Highlighting the main competitors for the VCT Croft says: “I like the Northern and Close Brothers VCTs, both of which have a good record.” Smith says: “The main competition is likely to come from two sources. Firstly, other Aim trusts, in particular top-ups to Pennine Aim VCT and Artemis Aim VCT. Secondly, generalist trusts such as Cornerstone and Close Brothers Development VCT.” Rogers goes for Pennine Aim VCT, Artemis Aim VCT and Phoenix VCT.

Assessing the charges, Croft thinks they are reasonable. Rogers says: “The annual charge is capped at 3.5 per cent which is reasonable for a VCT like this.” Smith says: “The initial charge is fairly standard, but the estimated running costs are a little on the high side. I would have also preferred to a see a lower annual management charge charge, with a realistic performance fee built in.”

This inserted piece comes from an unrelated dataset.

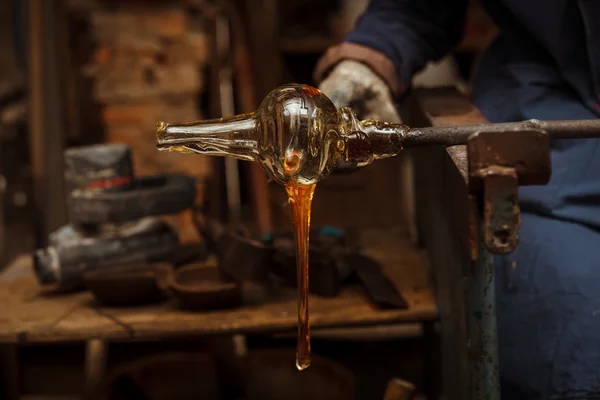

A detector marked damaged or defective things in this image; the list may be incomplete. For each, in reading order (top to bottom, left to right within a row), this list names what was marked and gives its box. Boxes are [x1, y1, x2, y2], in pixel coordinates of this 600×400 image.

rusty metal bar [406, 118, 600, 148]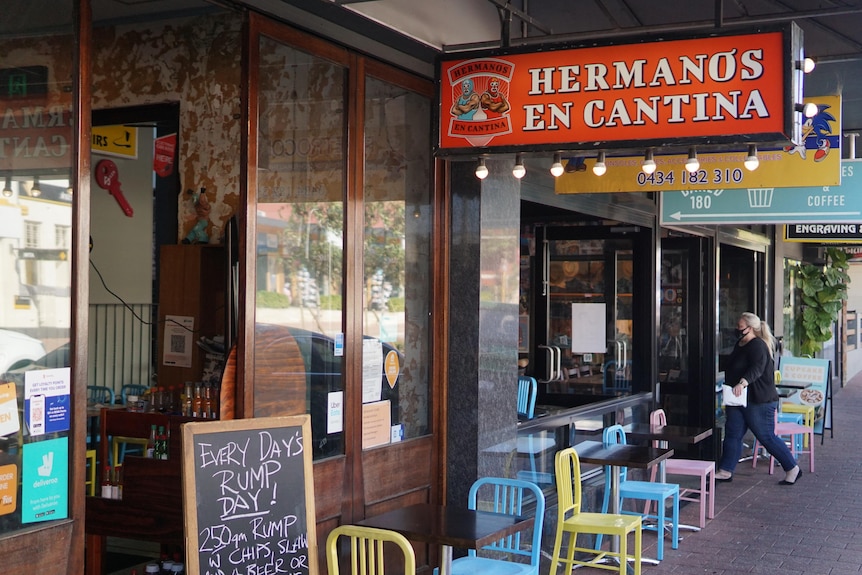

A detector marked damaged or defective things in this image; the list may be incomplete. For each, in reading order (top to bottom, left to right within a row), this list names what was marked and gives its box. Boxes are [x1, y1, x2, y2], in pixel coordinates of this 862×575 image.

peeling paint wall [93, 12, 243, 243]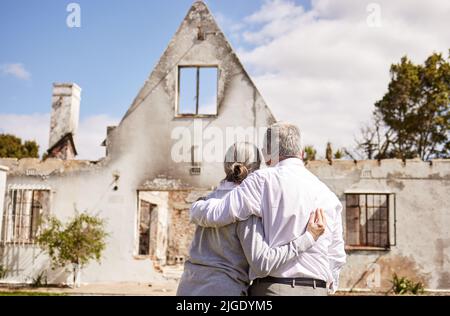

The panel consider whether the commission is fair. Rogers and Croft think it is standard while Smith says: “The initial commission is competitive but given the high annual running costs, I would have thought there was scope to pay a small renewal fee as well.”

Looking at the product literature Rogers thinks it is very good. Smith says: “It is well laid out and thorough, but it also lacks a certain punchiness.” Croft says: “It is informative, which is the main thing.”

Summing up Smith says: “In view of market conditions and the strength of competition, this trust is likely to struggle to raise funds.”